During a Pandemic, We Urgently Need to Stretch Our Imagination

Writing this from Italy, I am also writing to you from your own future. From our state of emergency, we have been watching the crisis unfold in the United States with a terrible sense of foreboding. Please stop waiting for others to tell you what to do; stop blaming the government for doing too much or too little. We all have actions we can take to slow the spread of the disease — and ensuring that your own household has enough canned goods and cleaning supplies is not enough. You can do a lot more. You should do a lot more. Stay away from restaurants, gyms, libraries, movie theaters, bars and cafes, yes. But also: Don’t invite people over for dinner, don’t let your kids go on playdates, don’t take them to the playground, don’t let your teenagers out of your sight. They will sneak out with their friends, they will hold hands, they will share their drinks and food. If this seems too much, consider the following: We are not allowed to hold weddings or funerals. We can’t gather to bury our dead. For us, it might be too late to avoid an incredible loss of life. But if you decide against taking actions because it seems inconvenient, or because you don’t want to look silly, you can’t say you weren’t warned.
— “Hello from Italy, Your Future is Grimmer Than You Think”, March 17, 2020

“The future is already here.

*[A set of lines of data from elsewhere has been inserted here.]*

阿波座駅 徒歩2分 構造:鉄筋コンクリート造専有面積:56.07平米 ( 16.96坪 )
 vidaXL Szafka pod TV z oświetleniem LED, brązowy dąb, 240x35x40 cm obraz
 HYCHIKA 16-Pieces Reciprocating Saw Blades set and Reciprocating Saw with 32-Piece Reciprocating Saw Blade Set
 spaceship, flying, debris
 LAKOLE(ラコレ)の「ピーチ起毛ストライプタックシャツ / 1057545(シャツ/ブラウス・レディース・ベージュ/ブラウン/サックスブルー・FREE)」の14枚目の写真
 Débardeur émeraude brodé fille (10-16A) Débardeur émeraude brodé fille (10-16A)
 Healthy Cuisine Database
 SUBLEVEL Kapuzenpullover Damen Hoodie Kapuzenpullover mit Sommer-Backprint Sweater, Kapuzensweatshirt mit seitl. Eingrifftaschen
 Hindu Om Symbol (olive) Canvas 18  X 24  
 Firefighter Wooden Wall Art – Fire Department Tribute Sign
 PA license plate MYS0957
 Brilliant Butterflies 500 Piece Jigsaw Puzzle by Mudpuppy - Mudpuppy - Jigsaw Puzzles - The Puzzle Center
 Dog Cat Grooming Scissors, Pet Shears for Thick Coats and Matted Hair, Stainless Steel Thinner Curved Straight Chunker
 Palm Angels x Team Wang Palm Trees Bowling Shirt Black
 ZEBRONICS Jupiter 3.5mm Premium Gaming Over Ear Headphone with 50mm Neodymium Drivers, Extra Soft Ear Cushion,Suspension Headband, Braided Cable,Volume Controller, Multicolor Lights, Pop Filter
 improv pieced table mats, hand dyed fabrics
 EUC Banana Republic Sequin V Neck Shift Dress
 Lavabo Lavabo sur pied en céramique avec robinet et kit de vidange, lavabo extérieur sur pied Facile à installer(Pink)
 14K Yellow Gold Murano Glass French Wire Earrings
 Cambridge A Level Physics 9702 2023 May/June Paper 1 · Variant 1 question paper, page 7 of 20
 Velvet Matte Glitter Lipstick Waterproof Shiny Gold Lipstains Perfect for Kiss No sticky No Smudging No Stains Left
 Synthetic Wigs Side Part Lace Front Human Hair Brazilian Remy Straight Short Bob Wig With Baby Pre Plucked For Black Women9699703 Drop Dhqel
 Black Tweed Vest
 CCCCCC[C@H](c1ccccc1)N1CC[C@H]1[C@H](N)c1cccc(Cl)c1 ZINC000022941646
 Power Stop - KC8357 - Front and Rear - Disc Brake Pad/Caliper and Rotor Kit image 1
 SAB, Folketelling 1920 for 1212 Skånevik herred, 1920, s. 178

It’s just not evenly distributed.” This is one of our guiding principles at the Institute for the Future (IFTF). It means that if you look closely around the world today, you can see potentially big changes already starting to develop. They’re happening locally, at the edges of technological experimentation, social behavior, business innovation, health trends, or political uprisings. These “signals of change” could be the beginnings of societal-scale disruption. If you spot these clues quickly and imagine how they could impact you personally, then you can prepare for and adapt to the coming global changes faster.

This bit of wisdom was first stated by the science fiction writer William Gibson in 1990. But has it ever been truer than it is now, 30 years later, as we live through the COVID-19 pandemic?

For most of the planet, our future is already here, arriving first in Wuhan, then Iran, and then Italy. In each of these regions, on a few weeks’ time delay, the novel coronavirus has exploded with the kind of exponential growth that leaves even the most advanced health care systems unable to cope. Or, perhaps a different future is already here, distributed somewhere else. In South Korea, Taiwan, and Singapore the future of this pandemic looks better. The COVID-19 case fatality rate there is much lower, and viral growth much slower. Governments and businesses have been able to intervene more effectively against the pandemic, by more quickly undertaking widespread social distancing measures and large-scale testing.

Right now, those of us behind the Wuhan and South Korea curves are being given the opportunity to clearly see our own possible futures. And we’re looking at two very different scenarios, depending on the actions we take now. But time to change our future is running out. Experts believe much of Europe and the United States, for example, are just nine to ten days behind the curve of Italy and Iran.

Ten days is not a lot of time to change the future.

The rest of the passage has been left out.